Start of Supplied material

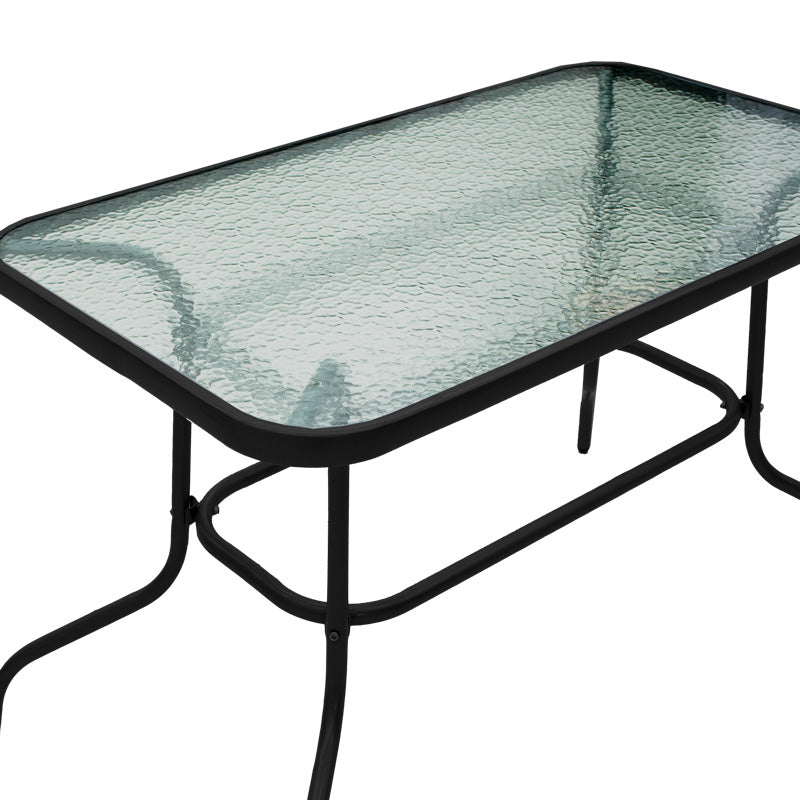 Masa de metal si sticla neagra Valor, 110x60x70 cm, perspectiva suplimentara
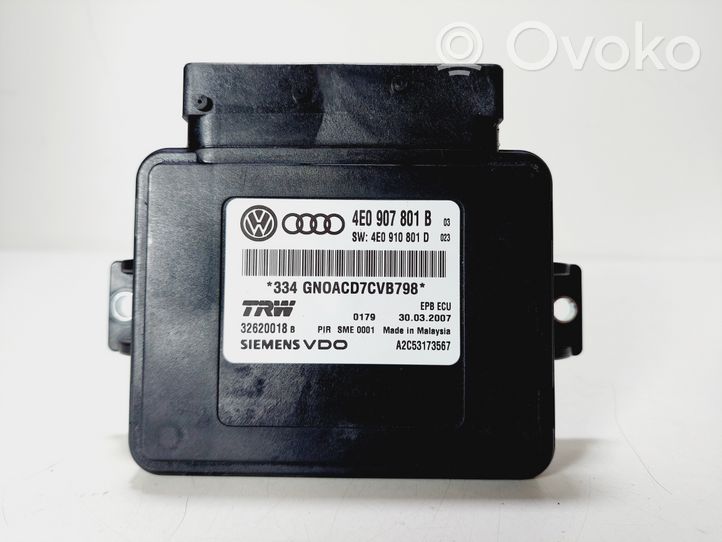 Audi A8 S8 D3 4E Hand brake control module 4E0907801B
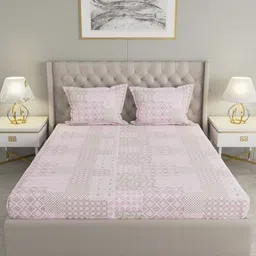 Raymond Home Pink & White Ethnic Motifs 200 TC Queen Bedsheet with 2 Pillow Covers-image-15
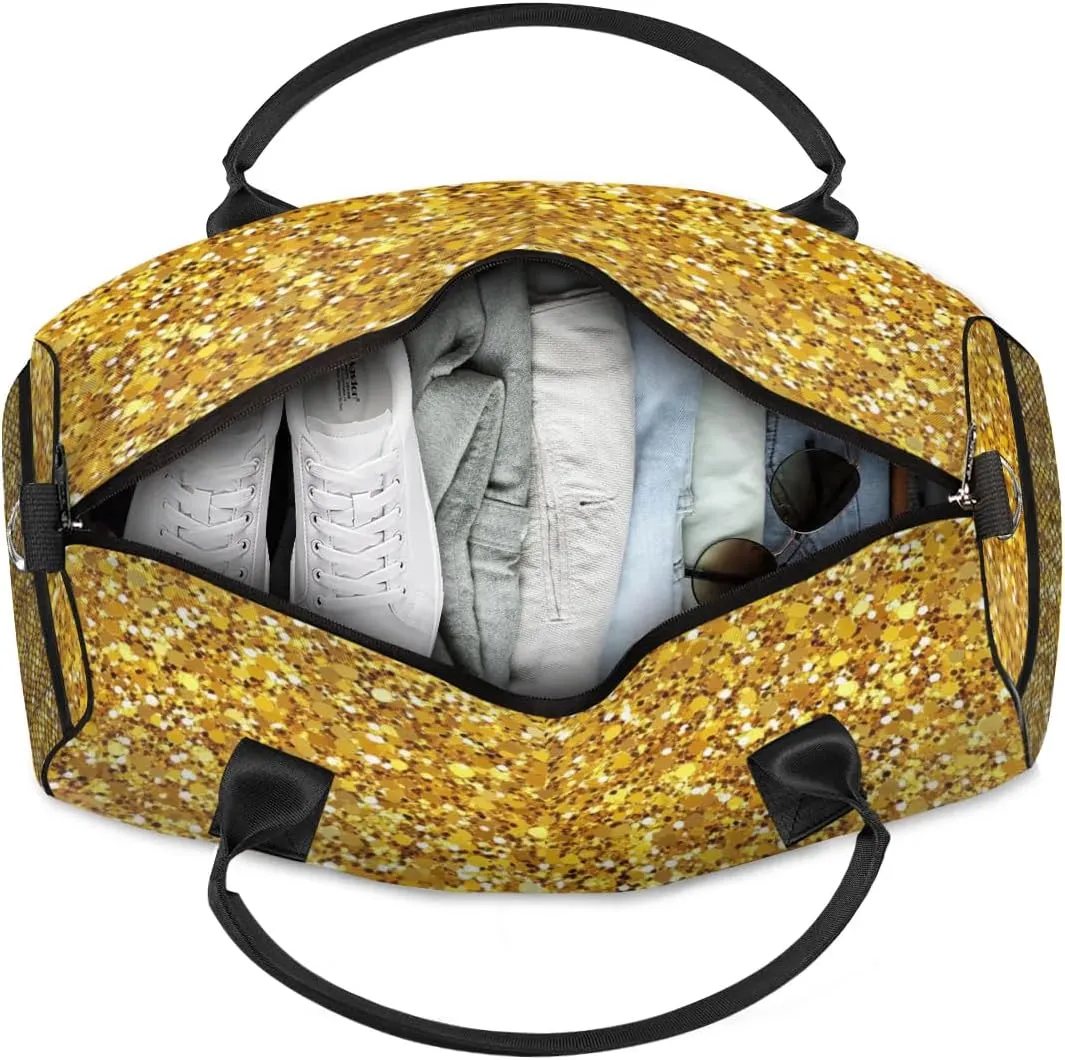 Personalized Initial Travel Duffel Bag with Name, Custom Gym Bag Sport Bag Weekender Overnight Bag for Women Men, Golden Glitter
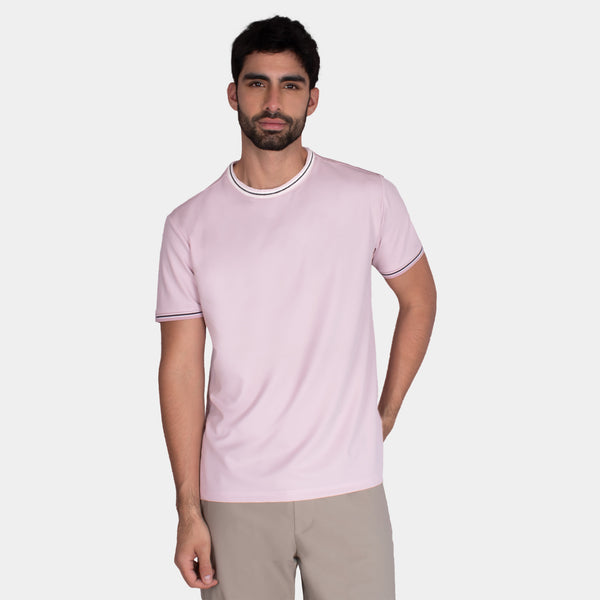 Playera Cuello Redondo con Contrastes de Color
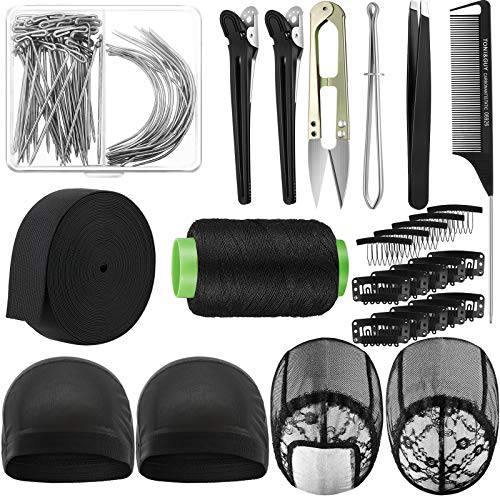 Wig Making Cap Pins Needles Set, Dome Mesh Lace Wig Cap 70 Pieces Pins C Curved Weaving Needles Metal Snap Wig Combs Rat tail Combs Elastic Wig Band Black Hair Clips Scissor Tweezers Wig Sewing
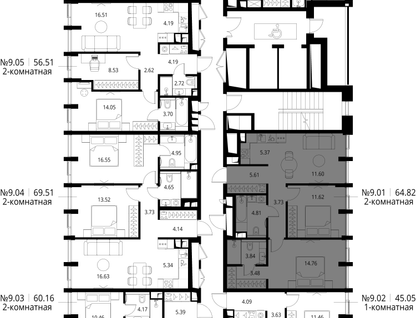 2-к. квартира, 64&nbsp;м²
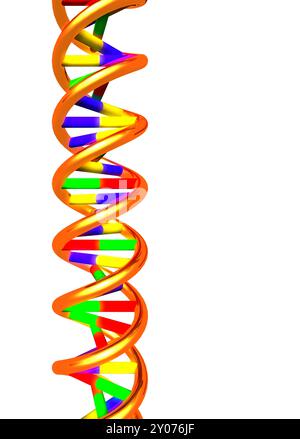 DNA molecule double helix 3D illustration isolated on white background Stock Photo
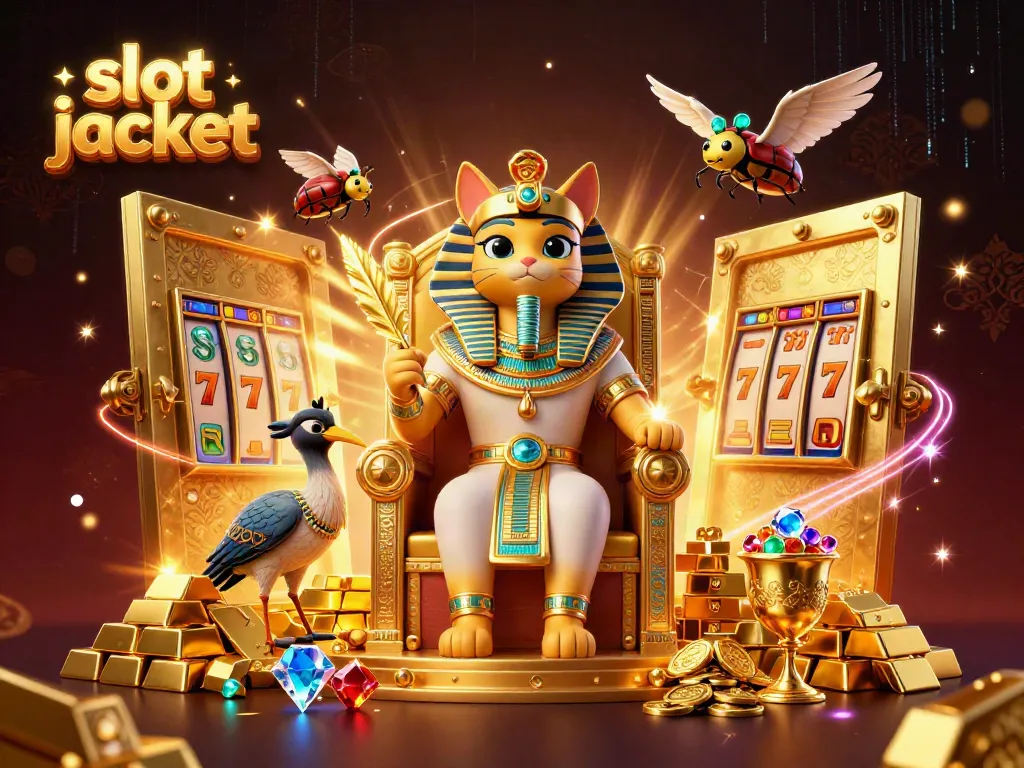 Experience the thrill of slot jackpot wins with an extravagant 3D scene of casino treasures.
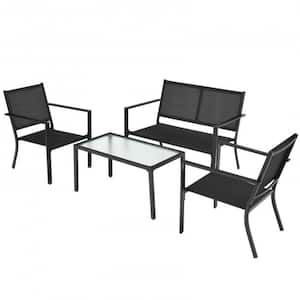 Black 4-Piece Metal Furniture Patio Conversation Set with Glass Top Coffee Table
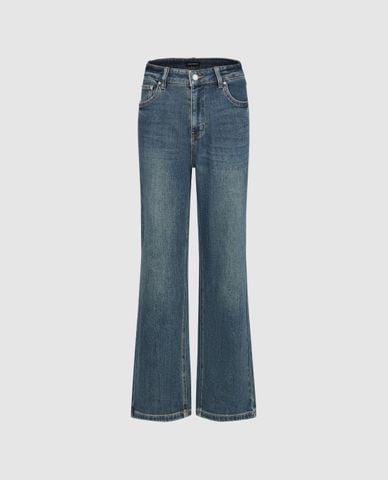  URBAN REVIVO - Quần jeans nữ ống loe wash bạc 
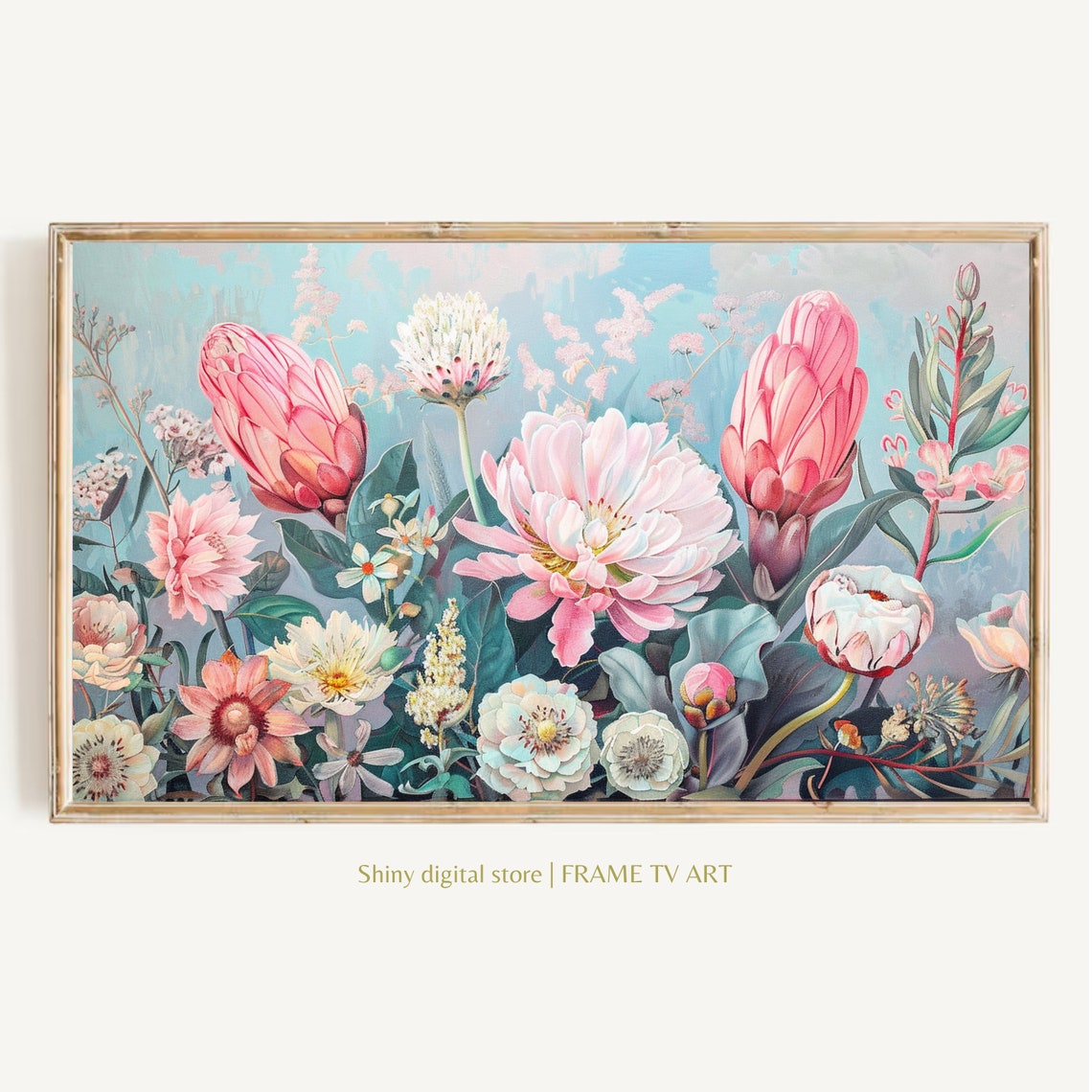 Frame Tv Art Pink Blue Wildflowers Spring Field Of Flowers Tv Art Vintage Meadow Floral Tv Art Cottagecore Tv Art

End of Supplied material

**Work instructions**
Transcribe, word for word, the stretch of lines in the data above from the one with "Playera Cuello Redondo" through the one with "Black 4-Piece Metal"; omit all pictures.

**The answer**
 Playera Cuello Redondo con Contrastes de Color
 Wig Making Cap Pins Needles Set, Dome Mesh Lace Wig Cap 70 Pieces Pins C Curved Weaving Needles Metal Snap Wig Combs Rat tail Combs Elastic Wig Band Black Hair Clips Scissor Tweezers Wig Sewing
 2-к. квартира, 64&nbsp;м²
 DNA molecule double helix 3D illustration isolated on white background Stock Photo
 Experience the thrill of slot jackpot wins with an extravagant 3D scene of casino treasures.
 Black 4-Piece Metal Furniture Patio Conversation Set with Glass Top Coffee Table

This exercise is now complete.